*** Records supplied Section Begins ***
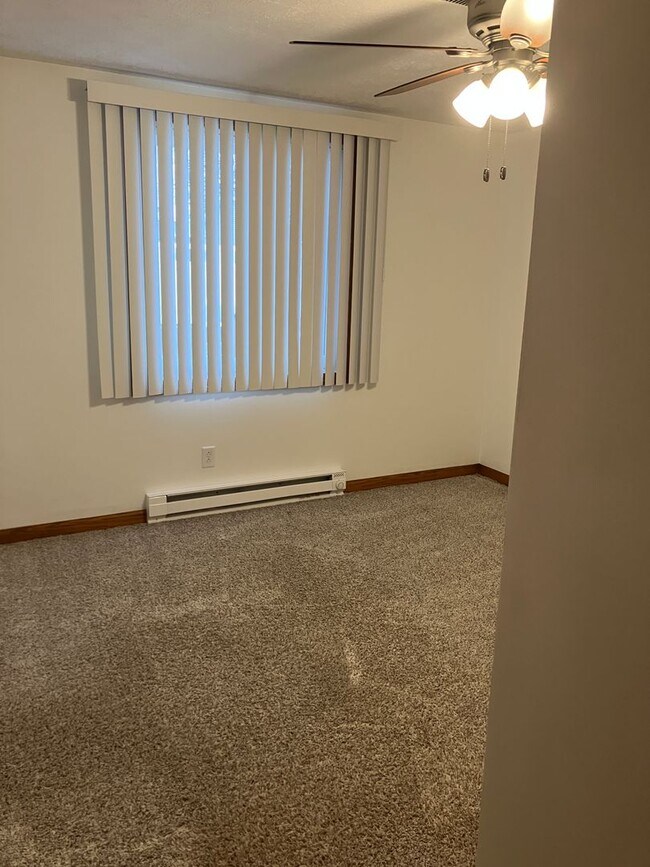 Building Photo - 38 Meadowview Terrace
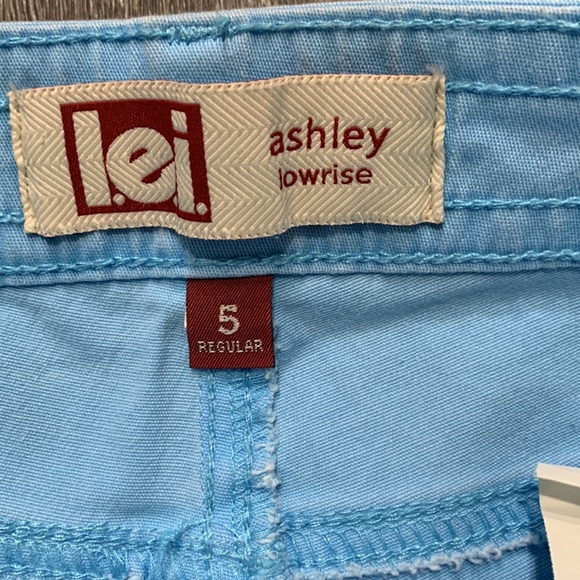 Lei Sky Blue Ashley Low-rise Midi Cuffed Shorts - Picture 8 of 10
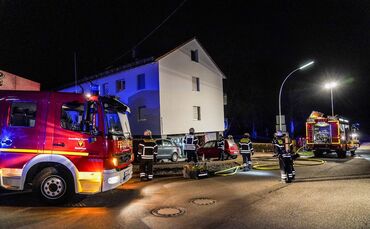 Weinstadt-Grossheppach: Geladene Batterie loest Garagenbrand aus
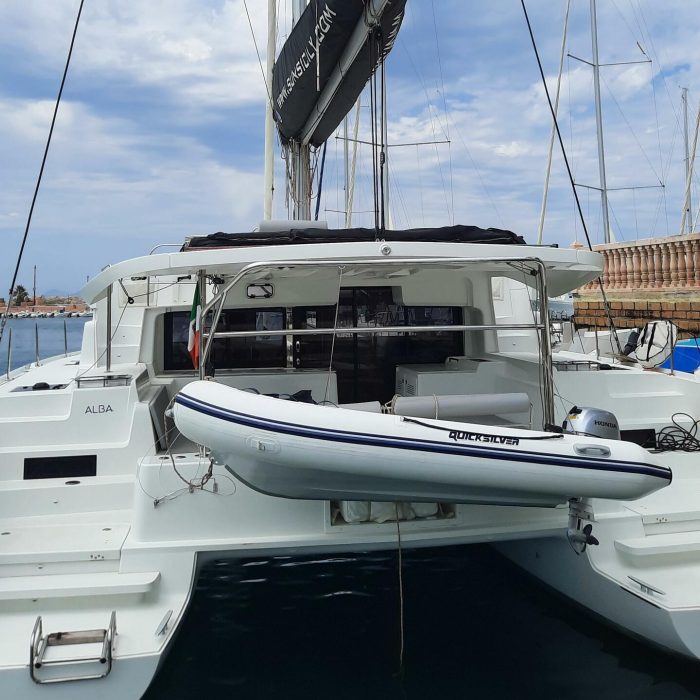 Alba | Lagoon 46 photo 1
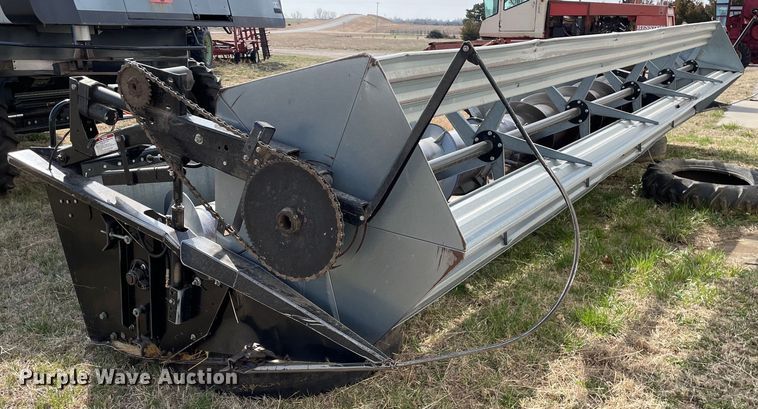 image for item MY9134 1996 AGCO 400  rigid head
*** Records supplied Section Ends ***
• _Task goal_: Which lines run from the one containing "Weinstadt-Grossheppach: Geladene Batterie" to the end of the entries above? Write them out exactly, leaving out every picture.

• _Solution for this problem_:
 Weinstadt-Grossheppach: Geladene Batterie loest Garagenbrand aus
 Alba | Lagoon 46 photo 1
 image for item MY9134 1996 AGCO 400  rigid head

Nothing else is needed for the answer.